■ **What needs to be done**: Please reproduce the listing below exactly, leaving out every picture.

■ **Recorded data**:
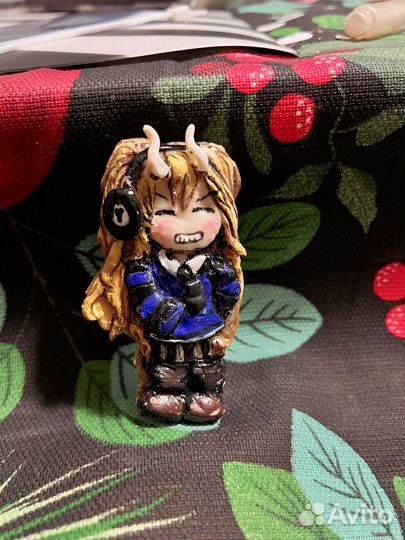 Брошь аниме в виде любимого персонажа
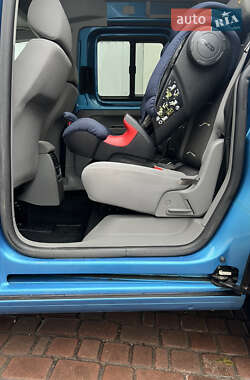 Мінівен Volkswagen Caddy 2008 в  фото 13 Мінівен Volkswagen Caddy 2008 в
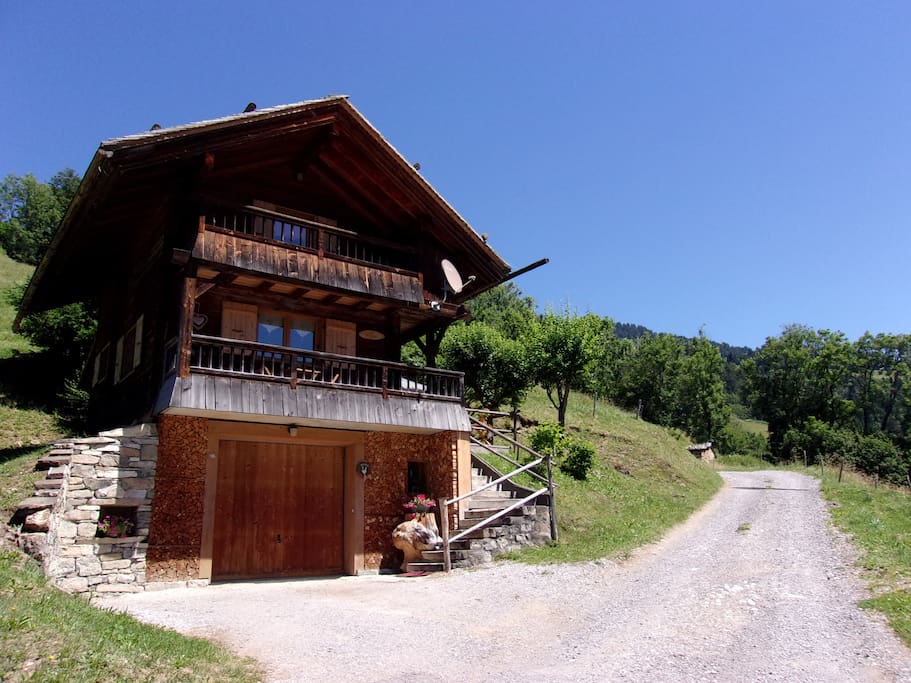 Route passante devant le chalet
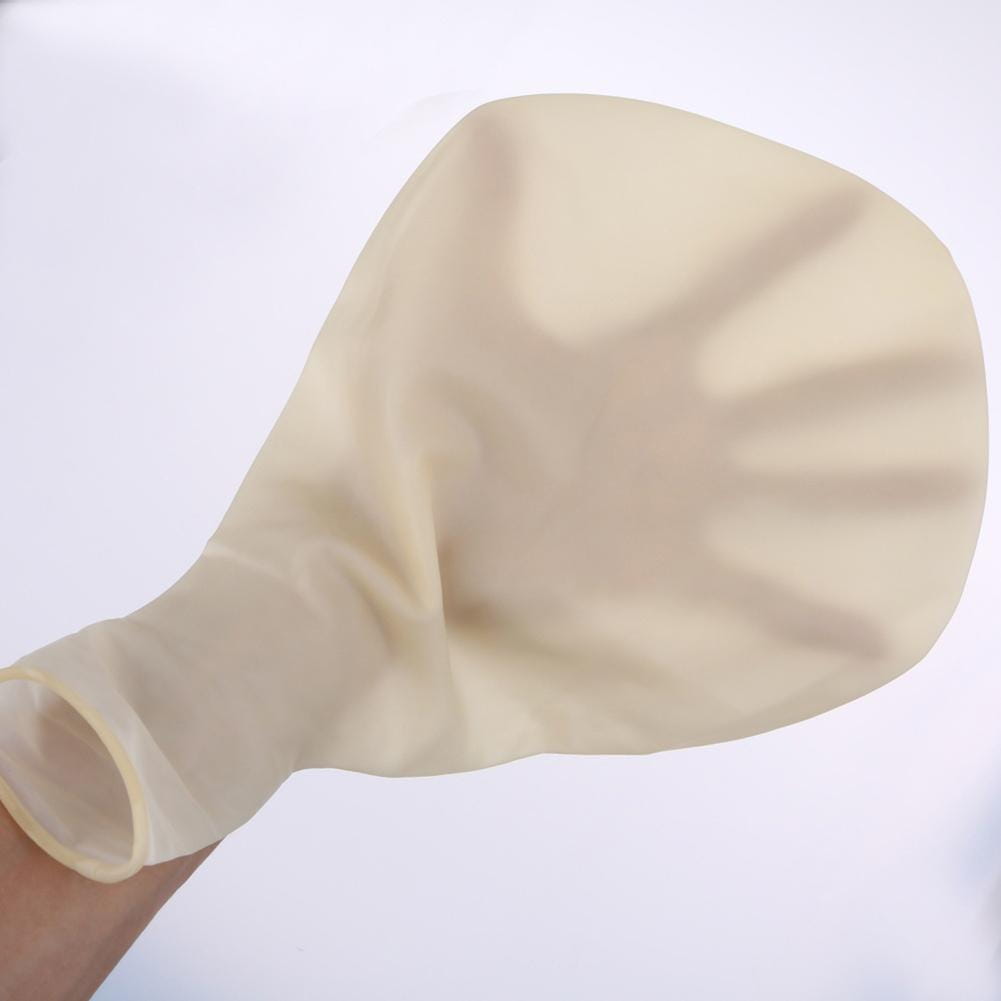 Ballon de mariage de 36 pouces en latex translucide beige clair, de forme arrondie légèrement gonflée et à col froncé, pour une décoration de fête romantique.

■ **Reply to the exercise**:
 Брошь аниме в виде любимого персонажа
 Мінівен Volkswagen Caddy 2008 в  фото 13 Мінівен Volkswagen Caddy 2008 в
 Route passante devant le chalet
 Ballon de mariage de 36 pouces en latex translucide beige clair, de forme arrondie légèrement gonflée et à col froncé, pour une décoration de fête romantique.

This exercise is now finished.